Re: how to delete few records in a dataset at once

alepage · Posted 03-19-2024 04:00 PM

Hello,

I have been using the dataset Class from sashelp.class as data source to illustrate what I would like to do.

So, here's the case scenario. We have many datasets, from dataset1 to dataset4. In each dataset, we have 5 records except the last one (dataset4) which has 4 records.

The dataset class3 is generated randomly to provide a list of records to be deleted from the original dataset, and we also need to keep a trace of the information that was deleted somewhere else. (dataset1A -- dataset4A).

Also, I would like to open a dataset, delete all the requested records in one shot then closed it.
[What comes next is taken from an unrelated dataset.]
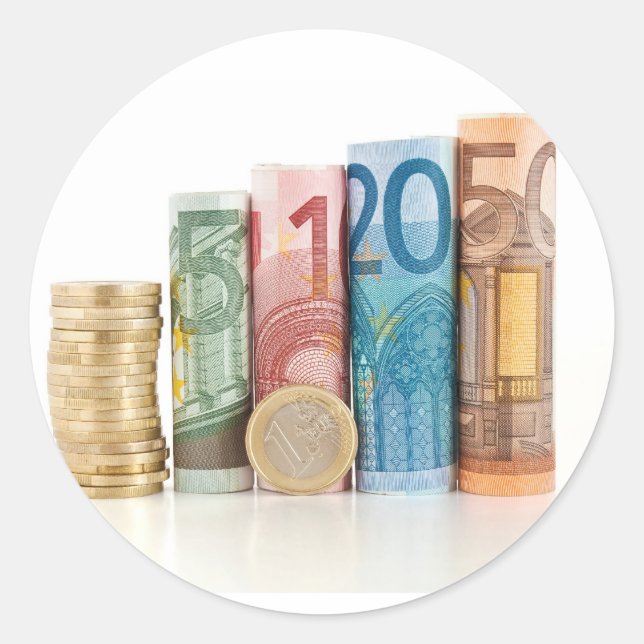 Euro-Banknoten und -Münzen Runder Aufkleber (Vorderseite)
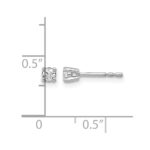 14k White Gold 1/6 carat Lab Grown Diamond VS+ F+ Round Complete Four Prong Heavyweight Stud Earrings - Image 5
So, I wonder if the script below is deleting all the requested records per dataset in one shot.

data lookup;
input  name $8. dsname $9.;
datalines;
Alfred  dataset1
Alice   dataset1
Barbara dataset1
Carol   dataset1
Henry   dataset1 
James   dataset2
Jane    dataset2
Janet   dataset2
Jeffrey dataset2
John    dataset2
Joyce   dataset3
Judy    dataset3
Louise  dataset3
Mary    dataset3
Philip  dataset3
Robert  dataset4
Ronald  dataset4
Thomas  dataset4
William dataset4
;
run;

data class;
set sashelp.class;
run;
proc sql;
create table class2 as
select a.*,
       b.dsname
from class as a
inner join lookup as b
on(a.name=b.name);
quit;

%macro multipleds;

%do j=1 %to 4;
	%let name=%sysfunc(cats(dataset,&j));
	%put &name.;
	Data &name.;
	set class2;
	if compress(dsname) eq %tslit(dataset&j.) then output dataset&j.;
	run; 
%end;

%mend multipleds;
%multipleds;

data temp (keep=name); 
  if 0 then set SASHELP.CLASS nobs=NOBS;
  do I=1 to 10;
    N=rand('uniform',1,NOBS); 
    OBS=N;
    set SASHELP.CLASS point=N;
    output; 
  end ;
  stop  ;
run;
/**** class3 contains the list of records to be deleted ****/
proc sql;
create table class3 as
select a.*
from lookup as a
inner join temp as b
on(a.name=b.name);
quit;

/********* put deleted records into new datasets *************/
data _null_;
   set class3;
   dsname2=cats(dsname,"A");
   call execute
   (compbl(cat(
   "proc sql;",
    "create table ", dsname2, " as ",
	"select a.*  ",
	"from ",dsname," as a  ",
	"where name in (select name from class3) ",
	"having dsname eq ",%tslit(dsname),";quit;"

    )));
run;

/********* Deleting few records per datasets *************/

data _null_;
   set class3;   
   call execute
   (compbl(cat(
   "proc sql;",
    "delete ", 
	"from ",dsname,	
	"where name in (select name from class3 having dsname eq ",%tslit(dsname),");quit;"

    )));
run;


%macro multipleds2;

%do j=1 %to 4;
	%let name=%sysfunc(cats(dataset,&j));
	%put &name.;
	Data &name.;
	set &name.;	
	run; 
%end ;

%mend multipleds2;
%multipleds2;

PaigeMiller · Posted 03-19-2024 04:32 PM

So, I wonder if the script below is deleting all the requested records per dataset in one shot.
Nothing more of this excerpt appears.